In another town, a father who refused to let his boy go, said: “I don’t want my boy coming back here knowing more than his father, his skin all clean, while his old father sits around with the itch scratching himself. Why, the boy would despise me! I won’t let him go.”
For more than a year I taught the school daily without any assistance except that one or two of the advanced boys sometimes taught the junior classes. Then I engaged, as an assistant, a Mpongwe, named Nduna, a boy of seventeen years, whose father, Rekwangi, was quite civilized and an old friend of our mission. Poor Nduna’s life ended very tragically less than two years later. He was a handsome boy, of quiet disposition and kind-hearted. He was with me so much in the schoolroom and was so faithful in his work that I came to know him well and to like him. At the end of the year he told me that he had the offer of a better-paying position in one of the bureaus of the government at Libreville and I advised him to accept it. I understood that he gave good satisfaction to his employer. After several months a sum of money was stolen from a safe that had accidentally been left open. There were French clerks in the same office, but Nduna was the only native. He was immediately arrested. There was not a shred of evidence against him except that the money had been stolen from that particular office and that he was the only native there. It was hard for me to believe that he was guilty even before I had heard the evidence, and when I supposed that it must be strongly against him. But when upon inquiry I learned all that was known, I concluded with a great many others that he was innocent. And the others did not know him personally as I did.
A native may be capable of committing a very clever theft, but I never knew a native who could cleverly conceal it. A certain workman, Ndinga, stole a coat from me, and a few days later walked into the yard with it on. Ndinga was not intelligent like Nduna. But I knew another boy who about the same time stole a considerable amount of cash from a white man. He was a very clever rascal, and proved himself so in the procuring of the money. Yet he carried it in his pocket as long as it lasted (which was only a few days) and treated all his friends with lavish generosity. Among themselves the detective faculty is dull. And this is probably because they so readily resort to supernatural means of discovering a criminal, instead of following a natural clue, or weighing the evidence of circumstances against a suspected person. While the white man racks his brains with mere probabilities, the native goes to the witch-doctor, who promises him certainty. The witch-doctor names several persons, often personal enemies to himself, and they are forced to undergo some ordeal, such as dipping their hands in boiling oil, which will burn only the guilty. It is an easy and expeditious method, and especially remunerative for the witch-doctor. But it involves none of those mental operations whereby facts are weighed, comparisons made and conclusions reached. The judgmatical faculty lies dormant. It would not therefore be expected that the thief would be as careful of his tracks as if he lived in the land of Sherlock Holmes.
In the case of Nduna no money was found either with him or his relations. Neither had he spent an extra centime. The natives themselves never believed Nduna guilty, and there were others also who thought him a victim of foul play.

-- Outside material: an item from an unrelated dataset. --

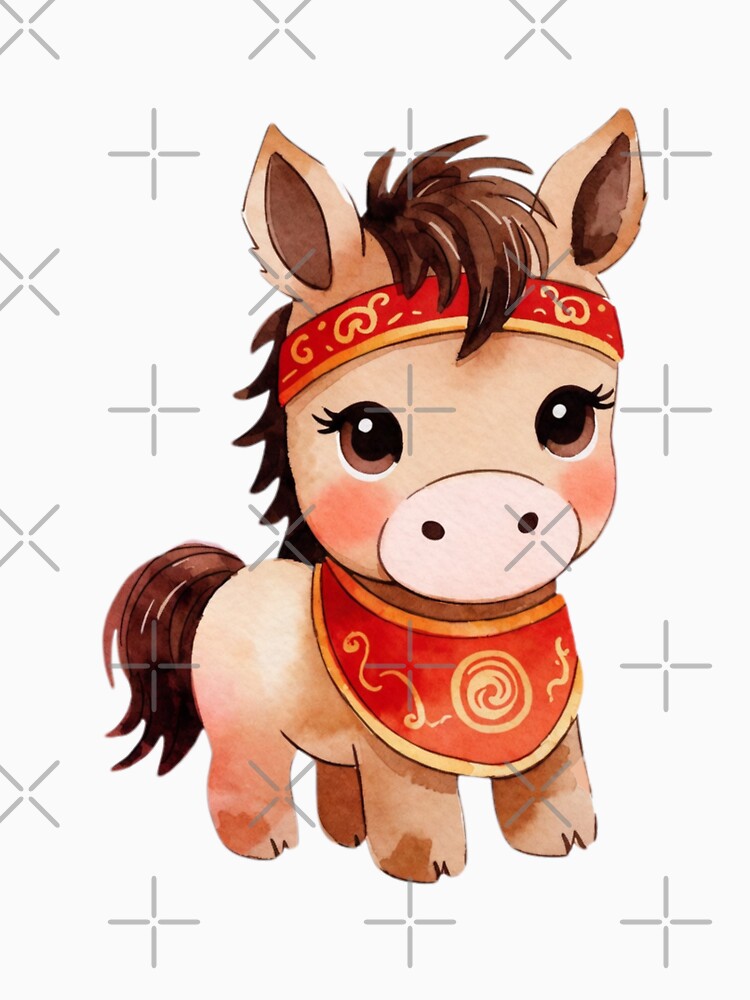 2026 Chinese New Year - Cute Horse Design by GrumpySableye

The natives of Libreville and the immediate vicinity are treated with humanity and justice, as a rule; but there have been exceptions to the rule. Nduna was tried and sentenced to imprisonment. I have forgotten the term of his sentence. He was not strong; his lungs were weak, and after several months in the noisome prison he developed tuberculosis. He failed rapidly, and when several more months had passed it was very plain that he had not long to live. His father, Rekwangi, and his mother, Aruwi, pleaded piteously for his release, but the request was sternly refused. I shall never forget the grief of those unhappy parents, grief mingled inevitably with bitterness against the white man; for they had no doubt that their boy was innocent. The weeks passed and still the same message came: “A little worse to-day.”

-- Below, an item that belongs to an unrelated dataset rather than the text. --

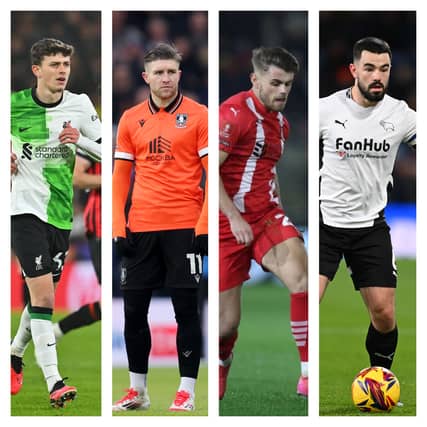 From left to right: Owen Beck, Josh Windass, Charlie Kelman and Eiran Cashin are among those players on the move in the Championship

At length one night some one brought word to Rekwangi that Nduna was dying. The father hurried to the prison, two miles away. But the guard told him that the white man would not admit him. If I had only known it in time I could probably have procured his admission. Or if not, I at least might have afforded the parents some relief by going in myself and staying with Nduna. For many of the officials who are bold in dealing with defenseless black people are abjectly compliant when they confront a white man. For hours that night the father walked outside the prison wall crying aloud: “O Nduna, Nduna, my only son, how can I give you up! It is not God, but the white man who has taken you from me. Is he still living? Tell him that his poor old father is close to him, standing just outside the prison wall. O Nduna, my son, my son!”
At last, towards morning, the guard cried out: “Your son is dead.”
Then the wretched man, overwhelmed with grief and frenzied with bitterness, gave way to doubt of the Christian’s God, and running to the house of a friend near by asked for rum. “Give me rum,” he cried, “lest I kill myself.” The rum was given him and he drank till he was drunk.
That morning Nduna’s body was carried home. All the family and many friends were gathered together. They laid him on a pile of mats on the floor of the room, with his feet towards the door, and covered him completely with a coloured robe. As soon as I heard that the body had come I went to the house. While I was yet a great way from the town I heard the wail of their mourning dirge; that weird, unceasing cry of hopeless grief, which I had heard so often, but never before under such harrowing circumstances, and it smote upon my heart. As many as could enter the house were sitting on the floor and many on the ground outside. All the women who were in civilized dress had turned their clothes inside out as a sign of grief. Aruwi sat on the floor at Nduna’s head, piteously sobbing. As I entered the door they all stopped mourning and there was a deep silence. For once, in Africa, I felt that I could not speak. No words could do justice to that heartrending scene. I stood a long time before the covered body, as silent as themselves. At last I said: “Aruwi, I want to see Nduna’s face.”
She turned down the covering and when I had looked at him a while I said: “It is a good face, Aruwi,—a beautiful face. Nduna was a good boy. You will not forget, Aruwi, that there was one white man who knew him and who loved him.”